In November 2005, Costa Rica’s minister of health threatened to close the Legislative Assembly due to unsanitary conditions, according to a diplomatic cable released by WikiLeaks and published by the daily La Nación.
The president of the Assembly, Gerardo González, accused Health Minister Rocío Sáenz of trying to “delay debate” on the U.S.-Central American-Dominican Republic Free Trade Agreement (CAFTA). The cable notes that Sáenz was known to be a skeptic of CAFTA, but that doesn’t mean he was wrong to question legislative building’s conditions.

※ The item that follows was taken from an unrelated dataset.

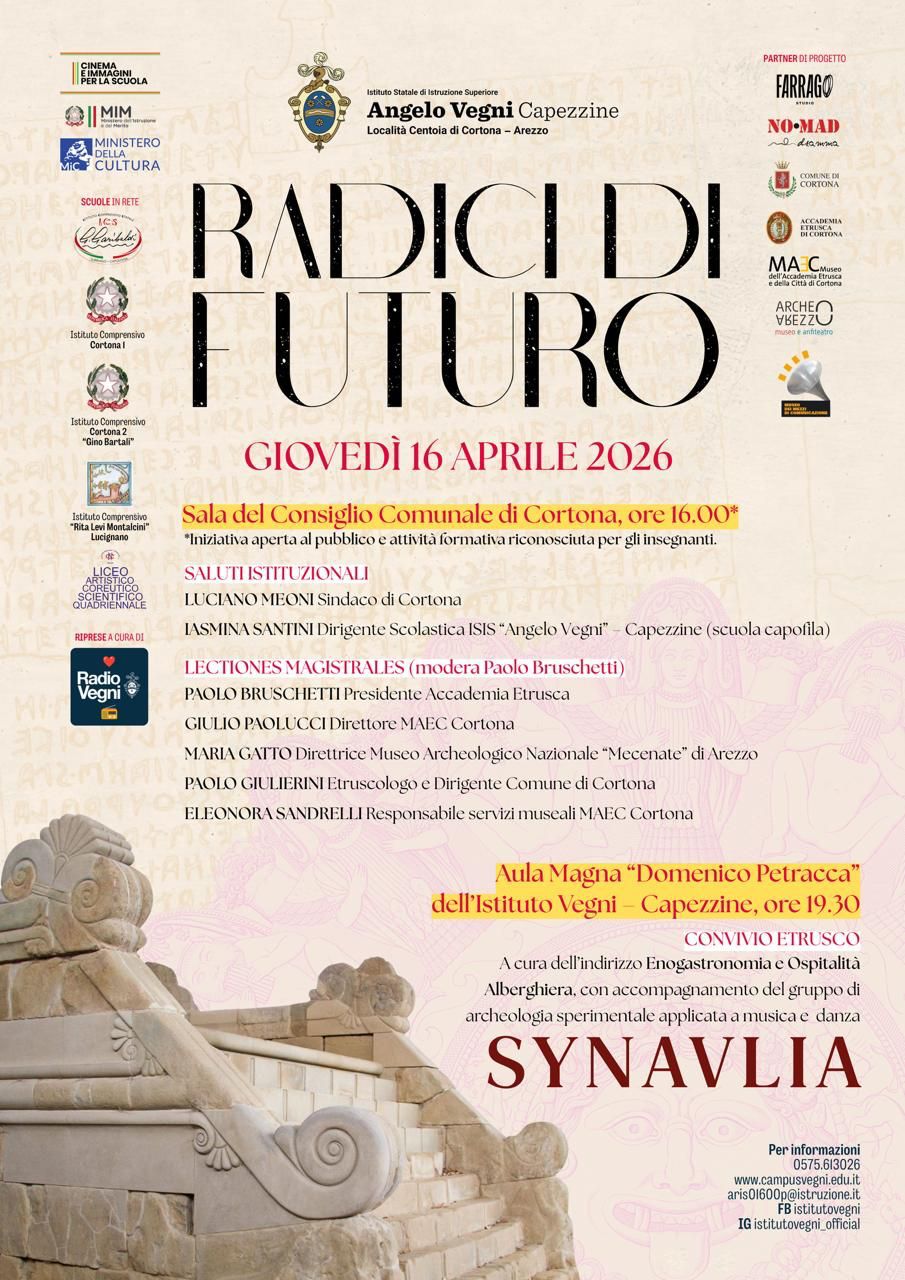 MAEC Cortona evento con Istituto Vegni Capezzine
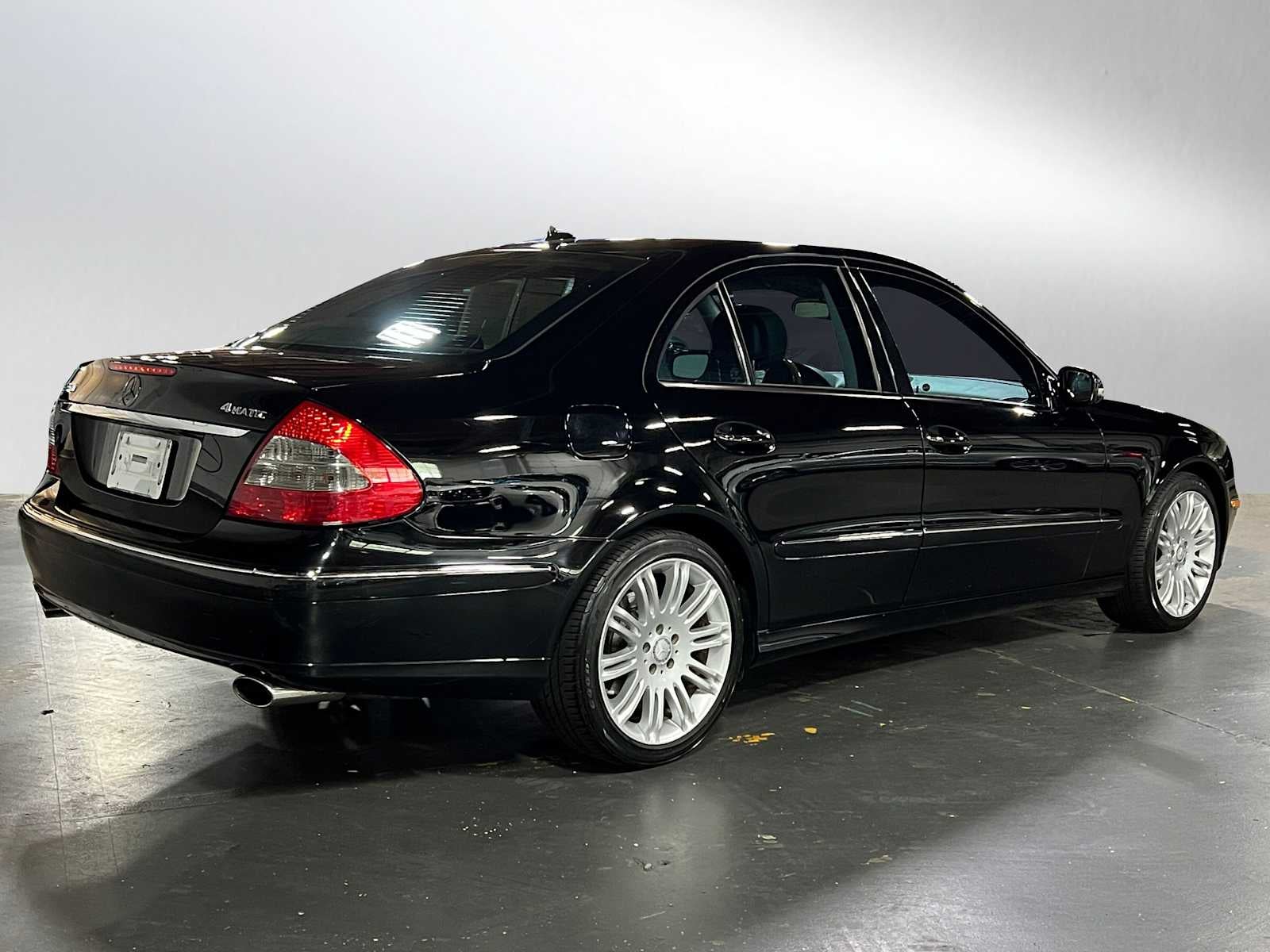 2008 Mercedes-Benz E350 4dr Sdn 4MATIC®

The cable continued that U.S. embassy officials who visited the building found it often in disarray. Once a U.S. diplomat was visiting a representative at the Congress when a live bat appeared inside the room. The representative kicked aside the bat and the meeting began.
During that same period, the Ministry of Health declared assembly offices to be “uninhabitable” for health and safety reasons and ordered that either the problems be fixed or the offices vacated. Problems listed in the cable “included overcrowding, open sewers, infestation by rats, cockroaches, and mosquitoes, bare electrical wires, and fire and seismic vulnerability.”

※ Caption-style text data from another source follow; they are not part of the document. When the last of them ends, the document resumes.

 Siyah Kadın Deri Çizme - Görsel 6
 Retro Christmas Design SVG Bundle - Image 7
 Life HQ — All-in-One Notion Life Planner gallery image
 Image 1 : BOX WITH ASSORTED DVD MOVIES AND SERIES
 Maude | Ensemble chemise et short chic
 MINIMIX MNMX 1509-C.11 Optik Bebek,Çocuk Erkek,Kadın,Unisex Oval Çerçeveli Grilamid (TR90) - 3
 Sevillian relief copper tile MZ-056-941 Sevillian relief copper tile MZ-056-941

The following day after the Ministry of Health’s declaration, then-President Abel Pacheco told the press: “No one is trying to close down the assembly.”
Pacheco said he would be glad to talk to González about the matter, but that González is not interested in meeting with him because “he says I have Alzheimer’s and forget everything.”

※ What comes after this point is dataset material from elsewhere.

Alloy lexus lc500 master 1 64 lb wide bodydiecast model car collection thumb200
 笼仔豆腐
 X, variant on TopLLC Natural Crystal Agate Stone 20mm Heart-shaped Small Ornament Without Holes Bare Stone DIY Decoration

The cable noted González denied speaking about Pacheco in such disrespectful terms but González did confirm that past meetings with the former president had not been fruitful.
Still, the cable finished by saying González had reason to be suspicious of Sáenz’s motives for threatening to close the assembly. The building always has appeared uncleanly, and it seemed to be a curious time to bring up the problem just before CAFTA would be debated.